Sophia

 

 

 

 

 

Live All’ Estragon – Bologna Il 23 Ottobre.

Di Ambra Galassi                 Foto Di Tiziano Galli

ambra.g@gmail.com                   quiet-tiz@libero.it

Posso immaginare bene il fascino di cui sono pervase certe ammirevoli personalita’, che oltre a se’ stesse si portano dietro tutto quello che a loro e’ successo, assieme alla loro immagine plasmata da anche piu’ di una generazione, ma di questo fascino ho la sfortuna di esserne totalmente immune. Se si e’ ciechi all’aura tragica gia’ vissuta di Thalia Zedeck si hanno poche speranze, visto che rimane ben poco se si toglie il piacere della teatralita’ della sua voce struggente in mezzo al fumo e troppo piena di fumo, accompagnata a stento da un violista.
Thalia Zedeck si fa anche aspettare, facendo si’ che l’unica cosa tragica sia il peso fisico e psicologico che le nostre gambe dovranno reggere fino alla fine della sofferta performance.
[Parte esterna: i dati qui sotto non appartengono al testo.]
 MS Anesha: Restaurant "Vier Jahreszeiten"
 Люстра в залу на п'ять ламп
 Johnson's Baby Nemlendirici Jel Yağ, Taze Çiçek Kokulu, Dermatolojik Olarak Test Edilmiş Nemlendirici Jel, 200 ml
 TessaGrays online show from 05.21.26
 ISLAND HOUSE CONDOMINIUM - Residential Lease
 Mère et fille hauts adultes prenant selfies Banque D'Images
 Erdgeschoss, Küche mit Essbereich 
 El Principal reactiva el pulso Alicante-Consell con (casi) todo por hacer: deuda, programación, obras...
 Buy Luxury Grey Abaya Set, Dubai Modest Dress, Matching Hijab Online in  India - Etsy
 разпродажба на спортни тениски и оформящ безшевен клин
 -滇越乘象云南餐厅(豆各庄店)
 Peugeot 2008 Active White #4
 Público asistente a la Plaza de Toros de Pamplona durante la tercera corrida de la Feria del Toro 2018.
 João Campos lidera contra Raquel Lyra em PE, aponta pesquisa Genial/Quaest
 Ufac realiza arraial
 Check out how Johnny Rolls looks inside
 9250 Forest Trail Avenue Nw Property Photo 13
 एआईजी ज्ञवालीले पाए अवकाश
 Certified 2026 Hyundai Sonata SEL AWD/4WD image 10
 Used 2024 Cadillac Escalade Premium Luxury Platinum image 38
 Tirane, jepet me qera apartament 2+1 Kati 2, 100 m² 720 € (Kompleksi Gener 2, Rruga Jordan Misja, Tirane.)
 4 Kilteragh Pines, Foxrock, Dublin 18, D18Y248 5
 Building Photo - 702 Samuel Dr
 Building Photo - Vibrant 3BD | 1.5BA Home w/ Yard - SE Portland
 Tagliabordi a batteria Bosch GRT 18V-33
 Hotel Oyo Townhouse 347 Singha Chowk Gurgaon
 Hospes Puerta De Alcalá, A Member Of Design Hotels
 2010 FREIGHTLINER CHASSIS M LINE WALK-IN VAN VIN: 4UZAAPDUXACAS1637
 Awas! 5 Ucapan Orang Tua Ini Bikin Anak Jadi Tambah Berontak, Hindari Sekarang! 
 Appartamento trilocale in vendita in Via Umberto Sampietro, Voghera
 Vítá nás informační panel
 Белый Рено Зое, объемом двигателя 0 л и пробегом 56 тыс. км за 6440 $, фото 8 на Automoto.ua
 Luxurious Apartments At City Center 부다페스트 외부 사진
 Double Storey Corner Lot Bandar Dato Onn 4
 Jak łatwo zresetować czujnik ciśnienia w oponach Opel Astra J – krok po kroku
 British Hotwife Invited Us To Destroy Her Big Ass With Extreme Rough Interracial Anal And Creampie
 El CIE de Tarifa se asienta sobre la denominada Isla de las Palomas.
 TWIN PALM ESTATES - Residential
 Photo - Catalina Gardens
L’intervallo dura il tempo che serve a piazzare una mezza dozzina di archi sul palco, una mezza dozzina di musicisti che li devono accordare piu’ il tranquillo posizionamento dell’attrezzatura standard. Abbiamo tutto il tempo che serve per pensare che sarebbe simpatico se alla fine dell’attesa uscisse fuori un gruppo che ci facesse ballare un po’. Allora i Sophia partono in svantaggio, e si spiegano in un tempo soggettivo prossimo alle tre ore, con la stessa tranquillita’ che permea la serata. Tranquilli sul palco ma non sotto, dove chi non e’ impegnato a riportare la circolazione agli arti inferiori battendo debolmente il tempo con i piedi, e’ anacronisticamente eccitato, lancia urli ad ogni momento di virtuosismo delle luci e, soprattutto, canta le canzoni. Accanto a me c’e’ una provvidenziale crocerossina, che mi impedisce di dormire appoggiata alla folla, che urla in prossimita’ del mio orecchio destro generosi complimenti a Robin Proper Sheppard, al suo sguardo magnetico e al suo nuovo (?) taglio di capelli.
Quest’ultimo, bisogna dirlo, riesce sorprendentemente ad abbattere la sua immagine di frontman freddo e un po’ triste raccontando aneddoti a cui si ride per simpatia e ricordando a tutti noi che quello era proprio il giorno del suo compleanno, mentre la band suonava cio’ che si conviene (tanti auguri).
La scaletta sembra varia e generosa, ovviamente orientandosi verso la fine della discografia. La sezione di archi, seppur non aiutata dall’acustica e dalla posizione costretta, riesce in parte a rendere meno freddi certi momenti di People Are Like Season, rivelandosi qualcosa di piu’ che una scusa per ritornare nella stessa location in meno di un anno.
Un generosissimo bis accontenta le fans che non sono svenute e non si sono uccise per strappare una locandina, e la performance si chiude con due dolci ballate che ci spediscono definitivamente nel mondo dei sogni.